[Start of Attachment]
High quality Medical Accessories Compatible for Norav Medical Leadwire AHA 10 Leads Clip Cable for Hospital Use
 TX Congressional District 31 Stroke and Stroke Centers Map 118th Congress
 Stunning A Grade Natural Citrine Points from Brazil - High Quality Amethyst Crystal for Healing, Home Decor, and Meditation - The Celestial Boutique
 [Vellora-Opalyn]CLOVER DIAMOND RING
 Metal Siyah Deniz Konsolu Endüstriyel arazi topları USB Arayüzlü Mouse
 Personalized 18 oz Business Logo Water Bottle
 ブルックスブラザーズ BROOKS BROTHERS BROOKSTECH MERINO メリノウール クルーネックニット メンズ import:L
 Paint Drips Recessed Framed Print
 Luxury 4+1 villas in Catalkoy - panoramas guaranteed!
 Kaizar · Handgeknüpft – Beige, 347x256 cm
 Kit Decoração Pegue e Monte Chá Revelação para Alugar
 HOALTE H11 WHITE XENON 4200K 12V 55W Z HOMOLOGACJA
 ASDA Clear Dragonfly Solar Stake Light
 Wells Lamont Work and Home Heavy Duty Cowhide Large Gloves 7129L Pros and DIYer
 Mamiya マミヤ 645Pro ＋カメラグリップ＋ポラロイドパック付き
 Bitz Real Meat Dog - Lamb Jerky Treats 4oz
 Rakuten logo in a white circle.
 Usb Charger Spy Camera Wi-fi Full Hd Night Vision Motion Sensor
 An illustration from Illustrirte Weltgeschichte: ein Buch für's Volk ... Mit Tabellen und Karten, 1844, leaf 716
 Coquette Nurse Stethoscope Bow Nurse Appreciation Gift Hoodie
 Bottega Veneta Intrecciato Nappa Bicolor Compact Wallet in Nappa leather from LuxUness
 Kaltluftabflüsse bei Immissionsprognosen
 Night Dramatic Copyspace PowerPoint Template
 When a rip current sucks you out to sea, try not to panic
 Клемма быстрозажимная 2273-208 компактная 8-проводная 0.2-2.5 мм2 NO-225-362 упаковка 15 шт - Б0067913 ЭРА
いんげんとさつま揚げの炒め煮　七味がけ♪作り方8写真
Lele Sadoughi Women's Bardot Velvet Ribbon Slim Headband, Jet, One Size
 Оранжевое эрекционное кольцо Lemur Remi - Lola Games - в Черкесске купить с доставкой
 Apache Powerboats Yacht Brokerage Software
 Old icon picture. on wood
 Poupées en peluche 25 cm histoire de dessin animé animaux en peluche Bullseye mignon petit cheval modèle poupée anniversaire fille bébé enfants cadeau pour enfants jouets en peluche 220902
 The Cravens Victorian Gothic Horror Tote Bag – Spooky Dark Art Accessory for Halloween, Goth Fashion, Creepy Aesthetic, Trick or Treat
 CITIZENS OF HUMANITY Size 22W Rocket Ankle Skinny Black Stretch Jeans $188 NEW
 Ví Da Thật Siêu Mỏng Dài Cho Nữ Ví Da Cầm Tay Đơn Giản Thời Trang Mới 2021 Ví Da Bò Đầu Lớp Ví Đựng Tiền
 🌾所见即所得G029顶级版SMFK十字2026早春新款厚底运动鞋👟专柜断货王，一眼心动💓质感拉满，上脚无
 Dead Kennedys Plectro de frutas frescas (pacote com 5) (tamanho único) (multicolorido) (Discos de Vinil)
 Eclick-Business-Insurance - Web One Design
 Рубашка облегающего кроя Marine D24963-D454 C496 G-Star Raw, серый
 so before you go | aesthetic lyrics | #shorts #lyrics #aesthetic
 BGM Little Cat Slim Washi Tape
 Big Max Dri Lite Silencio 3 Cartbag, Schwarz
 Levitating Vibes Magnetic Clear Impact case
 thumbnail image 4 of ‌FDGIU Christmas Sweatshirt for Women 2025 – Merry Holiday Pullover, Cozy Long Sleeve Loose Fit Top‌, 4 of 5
[End of Attachment]
- **YOUR OBJECTIVE**: Give back the records above exactly, limited to the lines between the one holding "Personalized 18 oz" and the one holding "CITIZENS OF HUMANITY", inclusive.

- **RESPONSE BOX**:
 Personalized 18 oz Business Logo Water Bottle
 ブルックスブラザーズ BROOKS BROTHERS BROOKSTECH MERINO メリノウール クルーネックニット メンズ import:L
 Paint Drips Recessed Framed Print
 Luxury 4+1 villas in Catalkoy - panoramas guaranteed!
 Kaizar · Handgeknüpft – Beige, 347x256 cm
 Kit Decoração Pegue e Monte Chá Revelação para Alugar
 HOALTE H11 WHITE XENON 4200K 12V 55W Z HOMOLOGACJA
 ASDA Clear Dragonfly Solar Stake Light
 Wells Lamont Work and Home Heavy Duty Cowhide Large Gloves 7129L Pros and DIYer
 Mamiya マミヤ 645Pro ＋カメラグリップ＋ポラロイドパック付き
 Bitz Real Meat Dog - Lamb Jerky Treats 4oz
 Rakuten logo in a white circle.
 Usb Charger Spy Camera Wi-fi Full Hd Night Vision Motion Sensor
 An illustration from Illustrirte Weltgeschichte: ein Buch für's Volk ... Mit Tabellen und Karten, 1844, leaf 716
 Coquette Nurse Stethoscope Bow Nurse Appreciation Gift Hoodie
 Bottega Veneta Intrecciato Nappa Bicolor Compact Wallet in Nappa leather from LuxUness
 Kaltluftabflüsse bei Immissionsprognosen
 Night Dramatic Copyspace PowerPoint Template
 When a rip current sucks you out to sea, try not to panic
 Клемма быстрозажимная 2273-208 компактная 8-проводная 0.2-2.5 мм2 NO-225-362 упаковка 15 шт - Б0067913 ЭРА
いんげんとさつま揚げの炒め煮　七味がけ♪作り方8写真
Lele Sadoughi Women's Bardot Velvet Ribbon Slim Headband, Jet, One Size
 Оранжевое эрекционное кольцо Lemur Remi - Lola Games - в Черкесске купить с доставкой
 Apache Powerboats Yacht Brokerage Software
 Old icon picture. on wood
 Poupées en peluche 25 cm histoire de dessin animé animaux en peluche Bullseye mignon petit cheval modèle poupée anniversaire fille bébé enfants cadeau pour enfants jouets en peluche 220902
 The Cravens Victorian Gothic Horror Tote Bag – Spooky Dark Art Accessory for Halloween, Goth Fashion, Creepy Aesthetic, Trick or Treat
 CITIZENS OF HUMANITY Size 22W Rocket Ankle Skinny Black Stretch Jeans $188 NEW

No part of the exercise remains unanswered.